+wx.TaskbarIcon works on wxGTK-based platforms now, however you have to
+manage it a little bit more than you did before. Basically, the app
+will treat it like a top-level frame in that if the wx.TaskBarIcon
+still exists when all the frames are closed then the app will still
+not exit. You need to ensure that the wx.TaskBarIcon is destroyed
+when your last Frame is closed. For wxPython apps it is usually
+enough if your main frame object holds the only reference to the
+wx.TaskBarIcon, then when the frame is closed Python reference
+counting takes care of the rest.
+
+Before Python 2.3 it was possible to pass a floating point object as a
+parameter to a function that expected an integer, and the
+PyArg_ParseTuple family of functions would automatically convert to
+integer by truncating the fractional portion of the number.
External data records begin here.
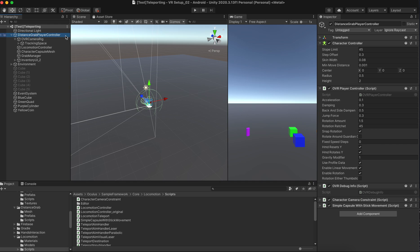So inside this controller, you can see all the different functions from last video. Distant grab means that it can do the distant grab. When you press the grab button, you can grab anything within the range as long as the object has the grabable script attached.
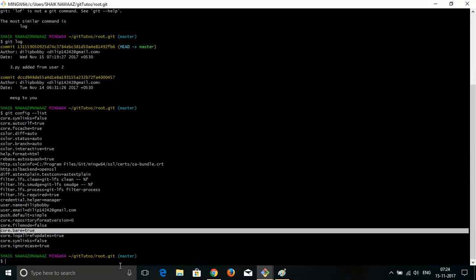If you find this difficult, I'll make one more video directly on making the bare directory. It's a simple command — when initiating your Git repository, give the parameter --bare, and it will create a default core.bare equal to true. Then you won't get any error. In case you are getting an error while pushing, just check this parameter inside your root directory. That's it from my side — thank you and have a nice day.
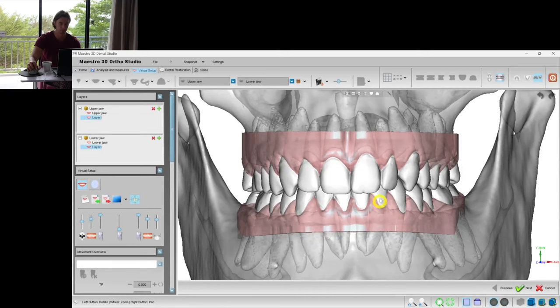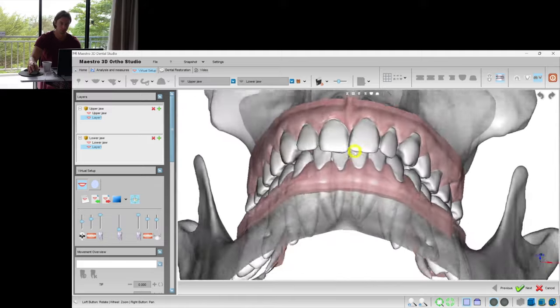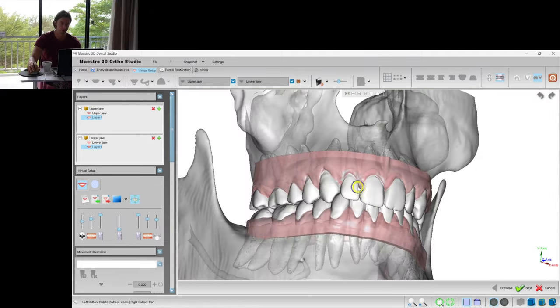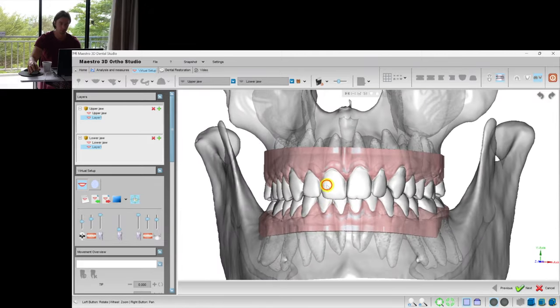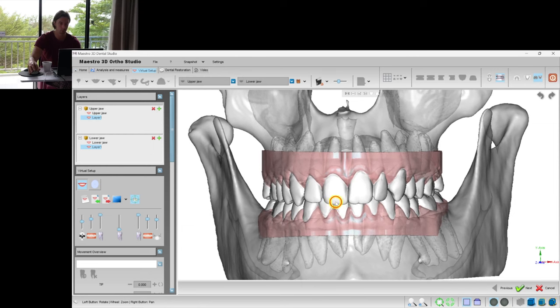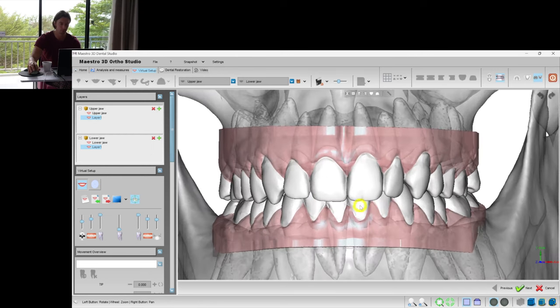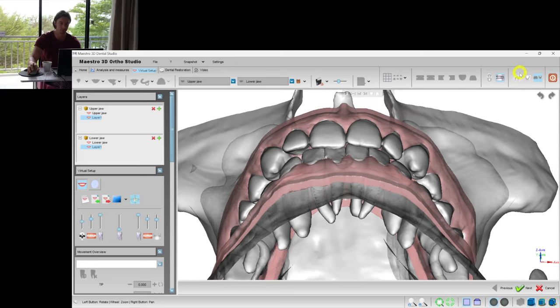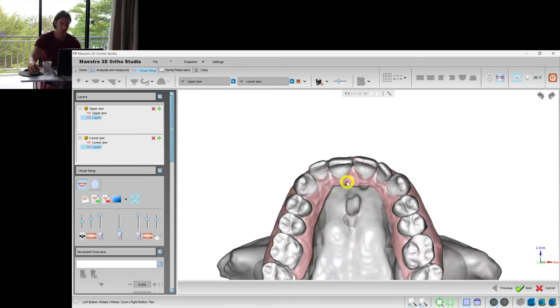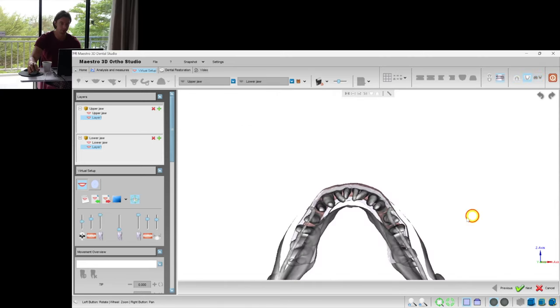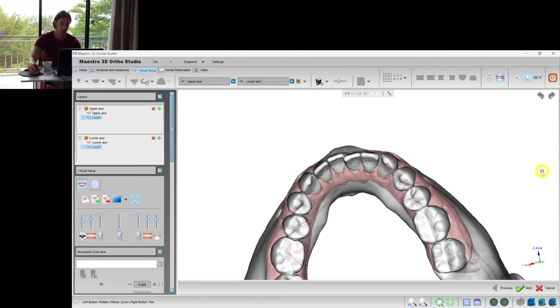This is another episode of me creating a virtual setup in Maestro 3D. Here we have a quite simple case and the patient wants us to fix his frontal teeth position, the crowding.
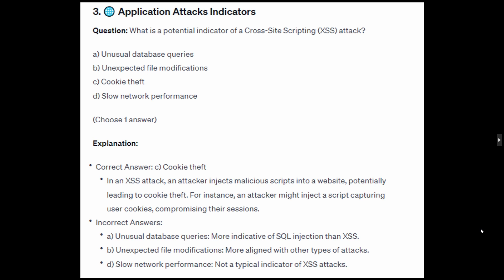For the incorrect answers: unusual database queries are more indicative of SQL injection than XSS. Unexpected file modifications are more aligned with other types of attacks. Slow network performance is not a typical indicator of an XSS attack.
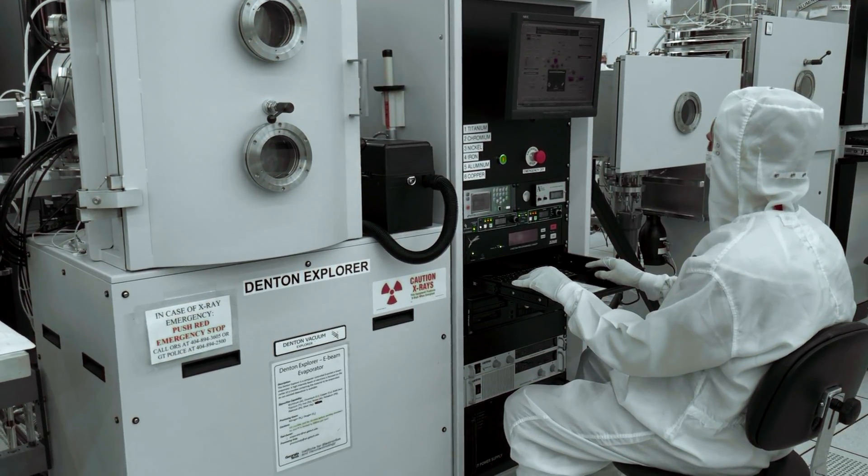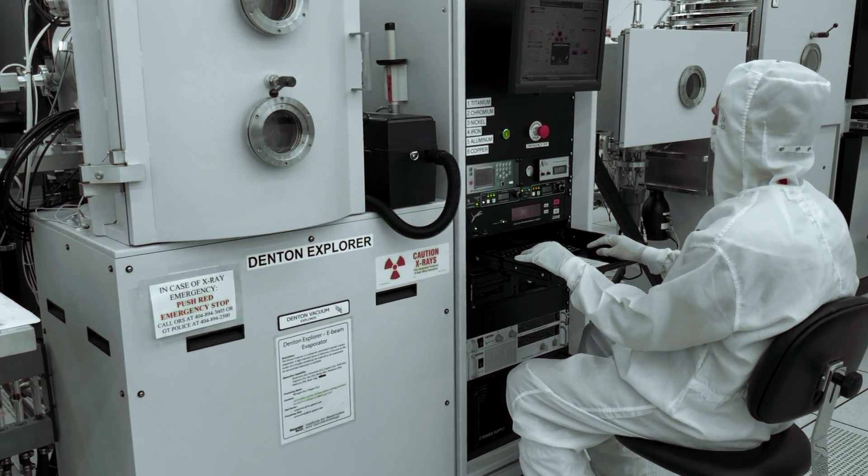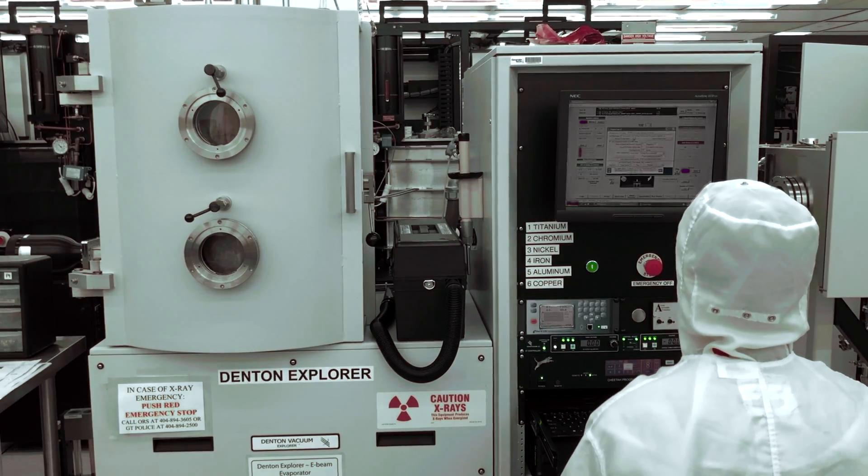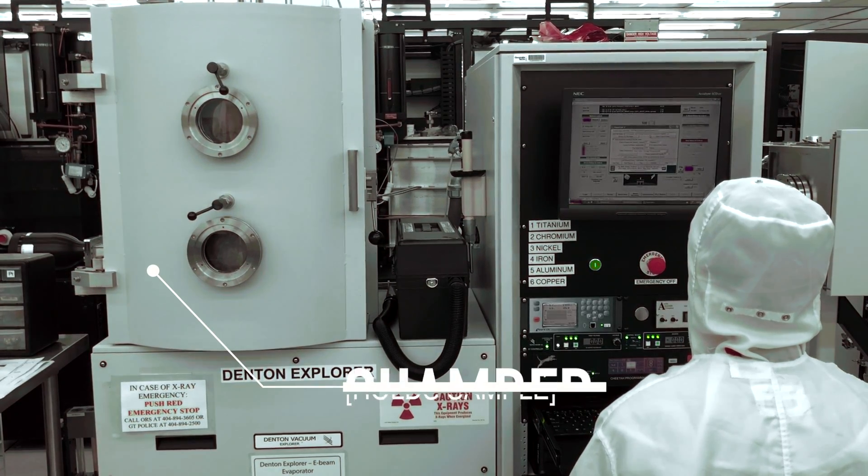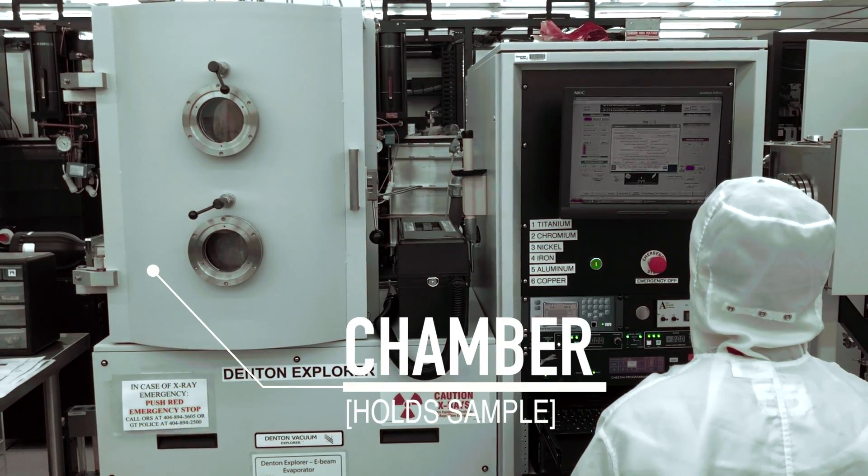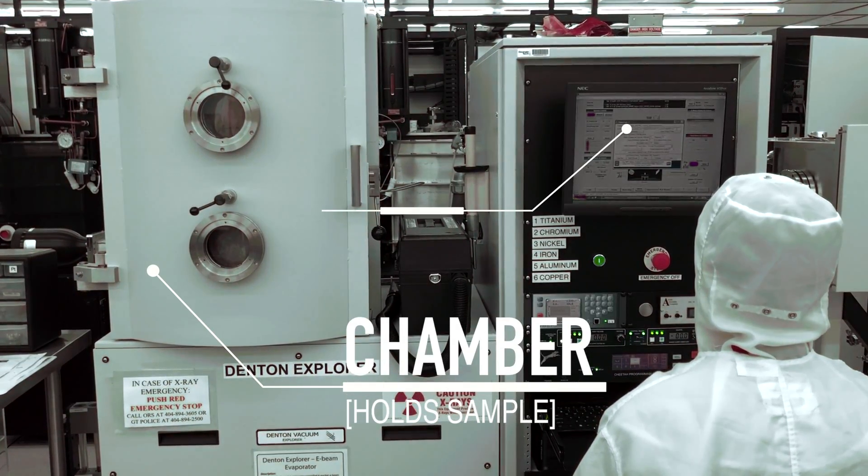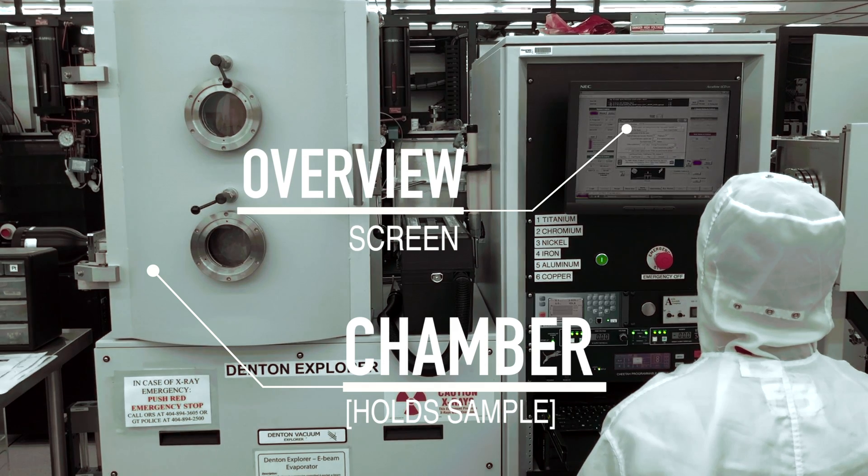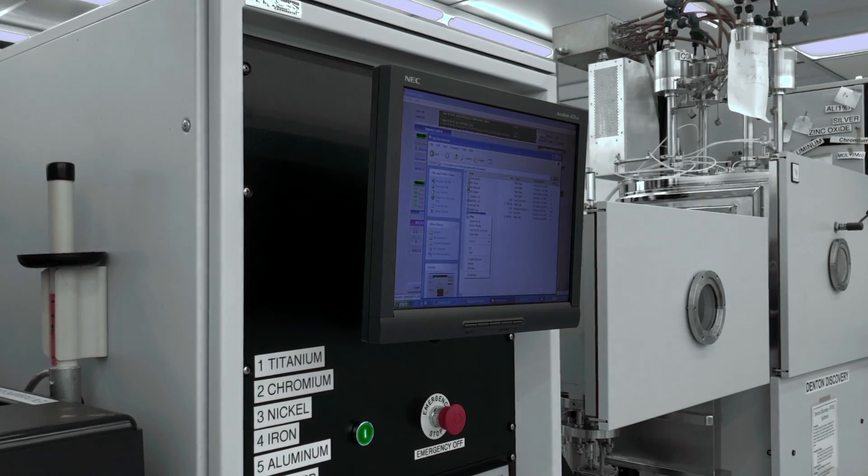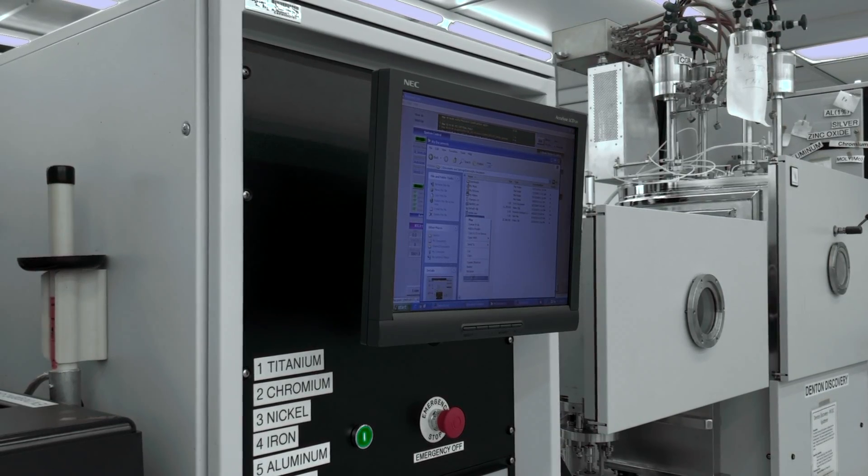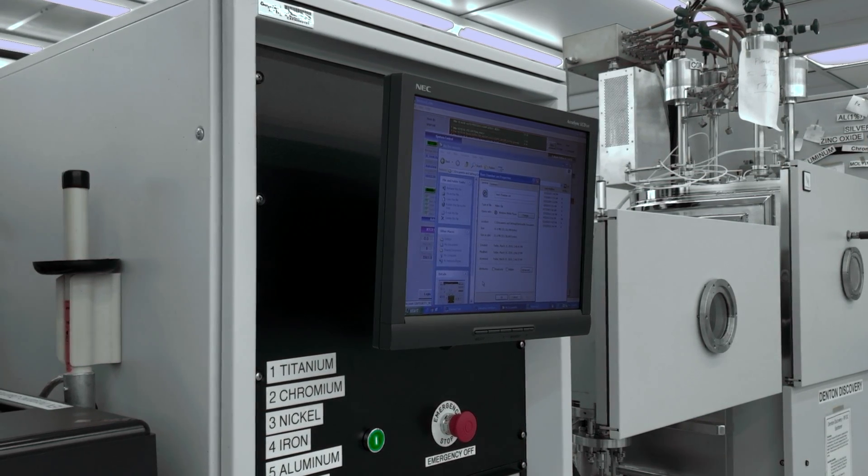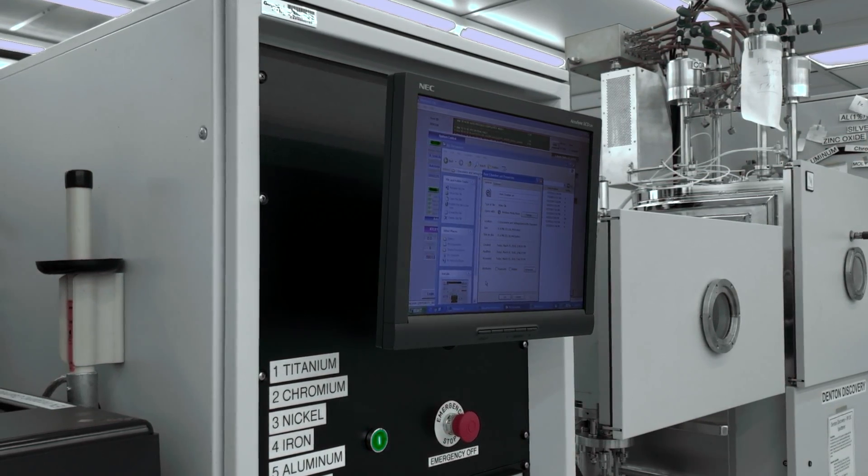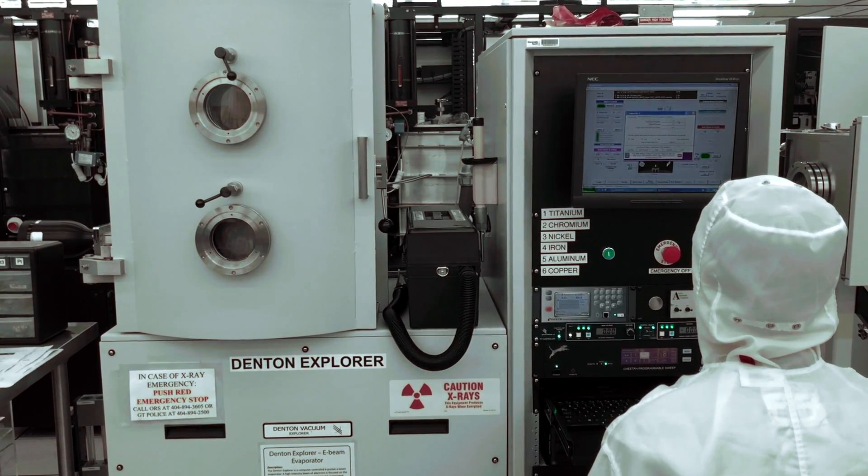Now let's go over the various parts of the Denton Explorer e-beam evaporator. The chamber holds the sample and is pumped down and sealed during a process run. The overview screen allows the user to download recipes and run a process. Most of the operations are performed on the overview screen.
With
+Python 2.3 that behavior was deprecated and a deprecation warning is
+raised when you pass a floating point value, (for example, calling
+wx.DC.DrawLineXY with floats for the position and size,) and lots of
+developers using wxPython had to scramble to change their code to call
+int() before calling wxPython methods. Recent changes in SWIG have
+moved the conversion out of PyArg_ParseTuple to custom code that SWIG
+generates. Since the default conversion fragment was a little too
+strict and didn't generate a very meaningful exception when it failed,
+I decided to use a custom fragment instead, and it turned out that
+it's very easy to allow floats to be converted again just like they
+used to be. So, in a nutshell, any numeric type that can be
+converted to an integer is now legal to be passed to SWIG wrapped
+functions in wxPython for parameters that are expecting an integer.
+If the object is not already an integer then it will be asked to
+convert itself to one. A similar conversion fragment is in place for
+parameters that expect floating point values.